### Data for analysis
....................

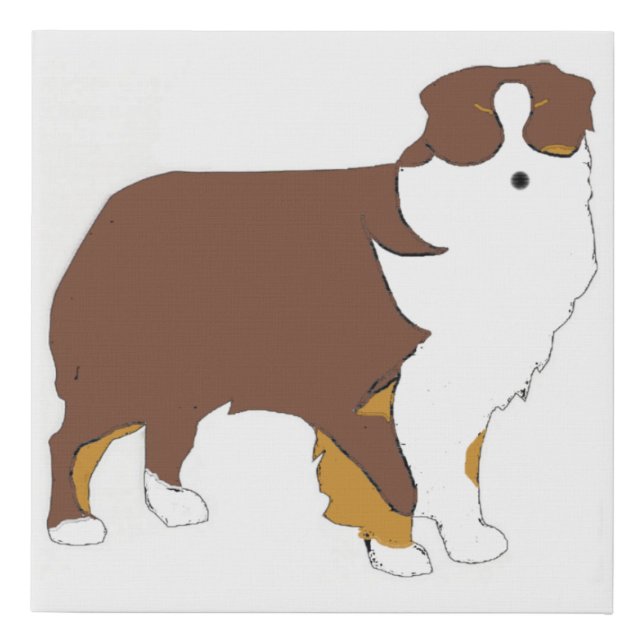 Austraiian Shepherd red tri silo Faux Canvas Print (Front)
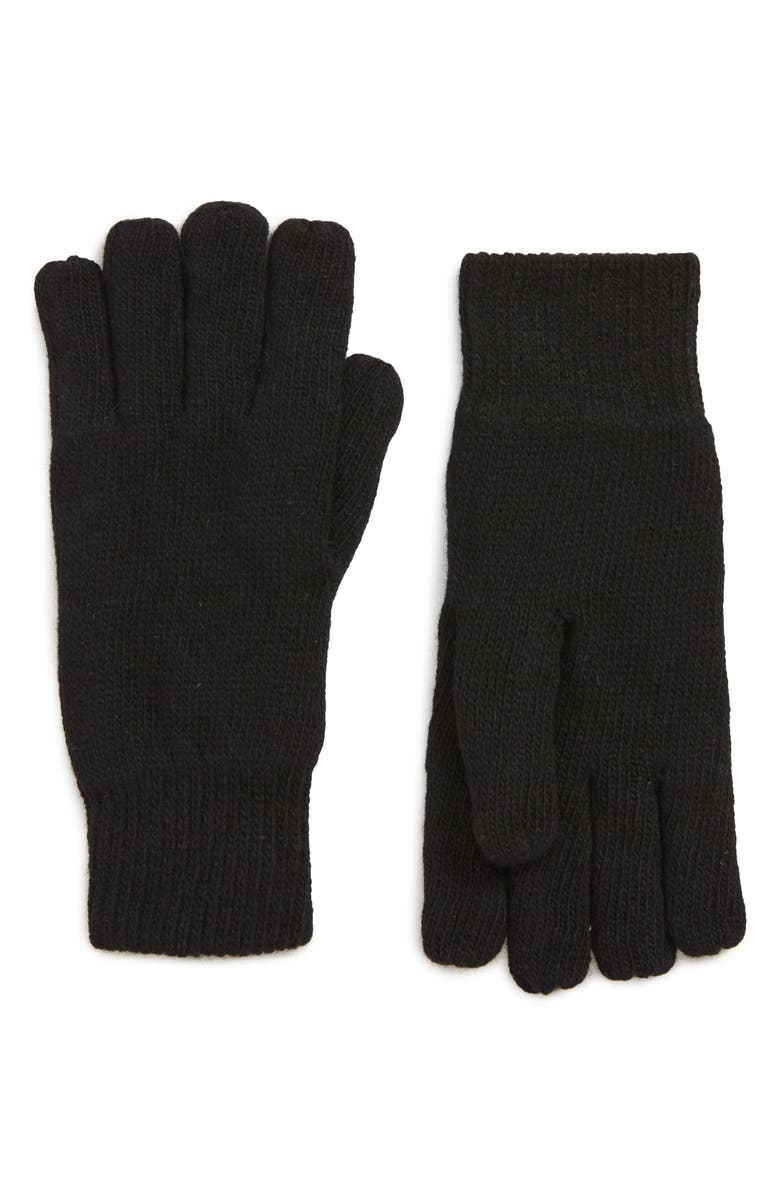 Barbour Carlton Stretch Wool Gloves, Main, color, Black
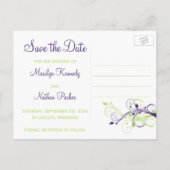 Purple Green White Floral Save the Date Post Card (Back)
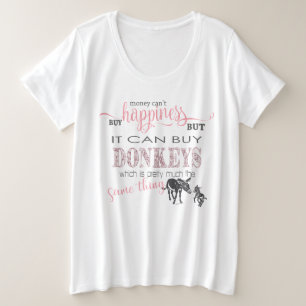 Camiseta Plus Size DONKEY LOVER Dinheiro não pode Comprar de felici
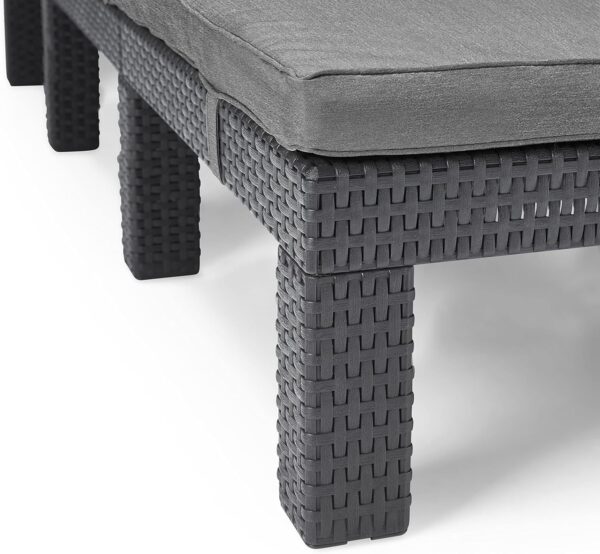 Allibert by Keter Daytona Deluxe Outdoor Garden Sun lounger - Graphite with Grey Cushions - Image 9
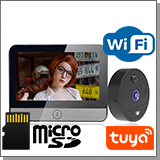 Видеоглазок с монитором Tuya Wi-Fi "HDcom DW6-Tuya" для двери с записью на SD карту и датчиком движения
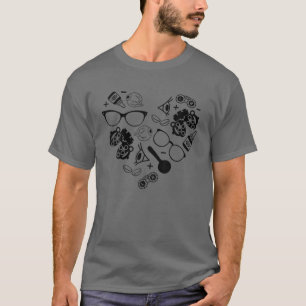 Camiseta Optometría Técnica oftálmica Símbolos del corazón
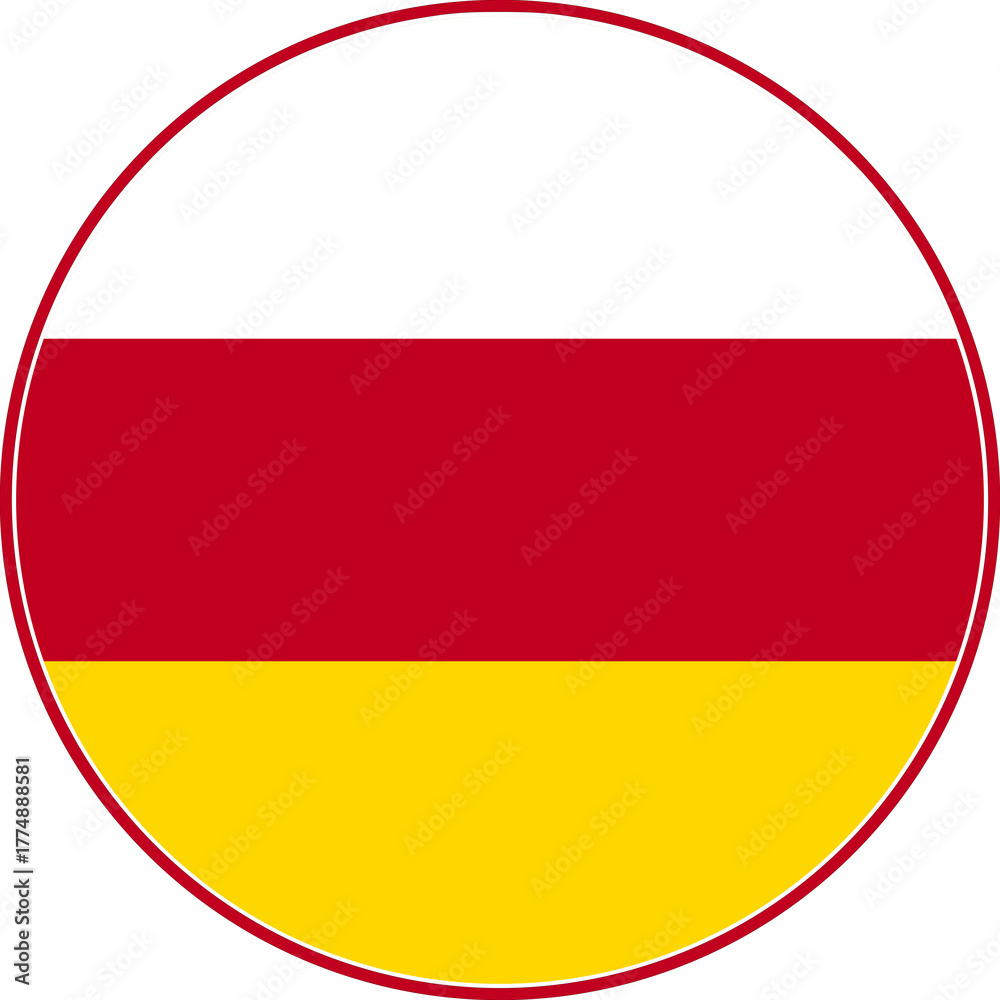 Obraz premium South Ossetia Circle Flag, South Ossetia Flag Icon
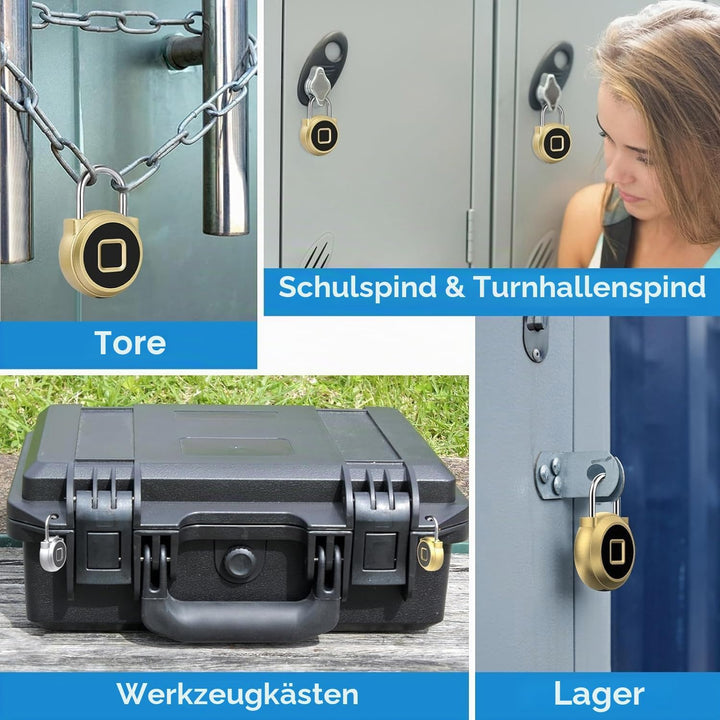 Vorhängeschloss Fitnessstudio Wetterfest Zahlenschloss - Fingerabdruck Bluetooth App eLinkSmart kein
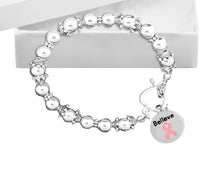 Load image into Gallery viewer, Circle Believe Pink Ribbon Charm Silver Beaded Bracelets - Fundraising For A Cause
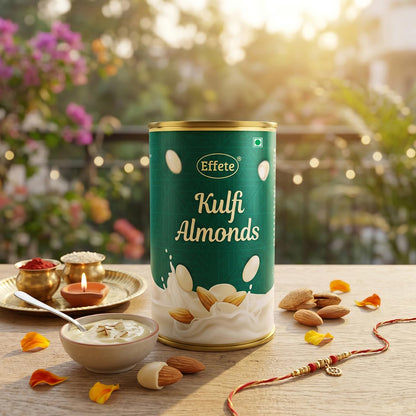 Peacock Rakhi for Brother with Kulfi Almonds 96gm, Roli Tikka & Card | Pack of 5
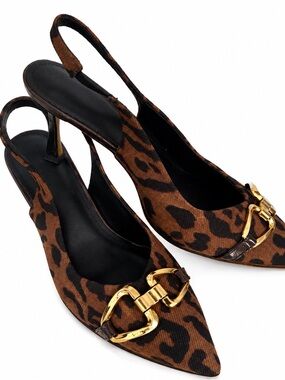 Leopard Print Gold Buckle Pointed Toe Slingback Kitten Heels Size 8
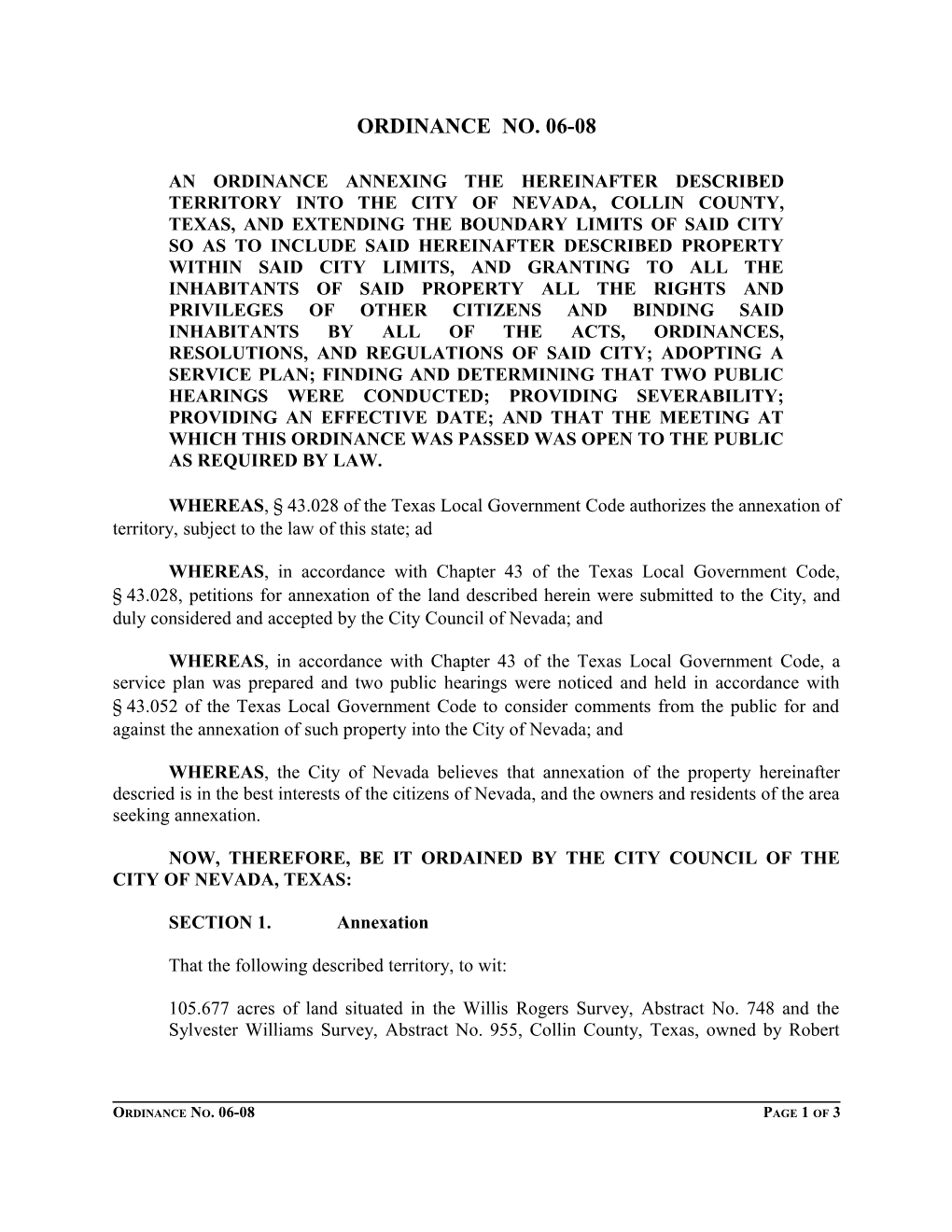 An Ordinance Annexing the Hereinafter Described Territory Into the City of Nevada, Collin
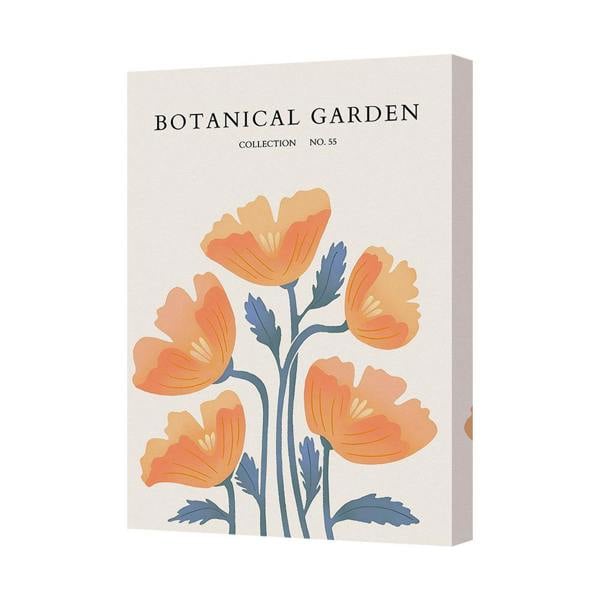 Benjamin Tate Design Botanical Garden Canvas Print No 55 Orange Flowers Wall Art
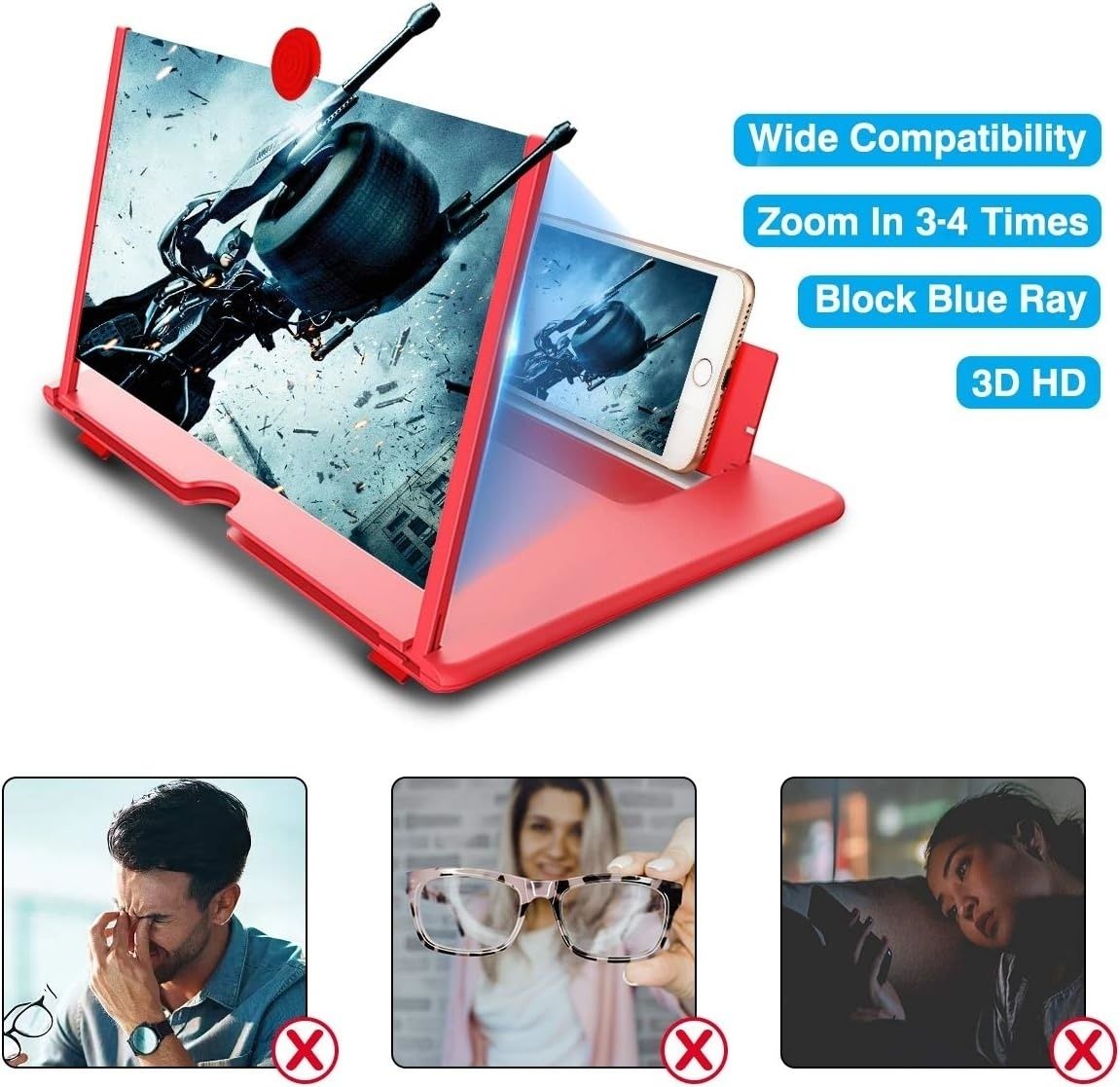 1pc ZoomPlus 12" Screen Magnifier,3D HD Mobile Phone Magnifier Projector Screen Enlarger for Movies, Videos, and Gaming,Foldable Cell Phone Stand with Screen Amplifier,Supports All Smartphones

....................

### Brief
From the records above, copy exactly the stretch from the line holding "Camiseta Optometría Técnica" through the line holding "Benjamin Tate Design", both ends included, without the pictures.

### Exercise response
 Camiseta Optometría Técnica oftálmica Símbolos del corazón
 Obraz premium South Ossetia Circle Flag, South Ossetia Flag Icon
 Vorhängeschloss Fitnessstudio Wetterfest Zahlenschloss - Fingerabdruck Bluetooth App eLinkSmart kein
 Load image into Gallery viewer, Circle Believe Pink Ribbon Charm Silver Beaded Bracelets - Fundraising For A Cause
 Peacock Rakhi for Brother with Kulfi Almonds 96gm, Roli Tikka & Card | Pack of 5
 Leopard Print Gold Buckle Pointed Toe Slingback Kitten Heels Size 8
 An Ordinance Annexing the Hereinafter Described Territory Into the City of Nevada, Collin
 Benjamin Tate Design Botanical Garden Canvas Print No 55 Orange Flowers Wall Art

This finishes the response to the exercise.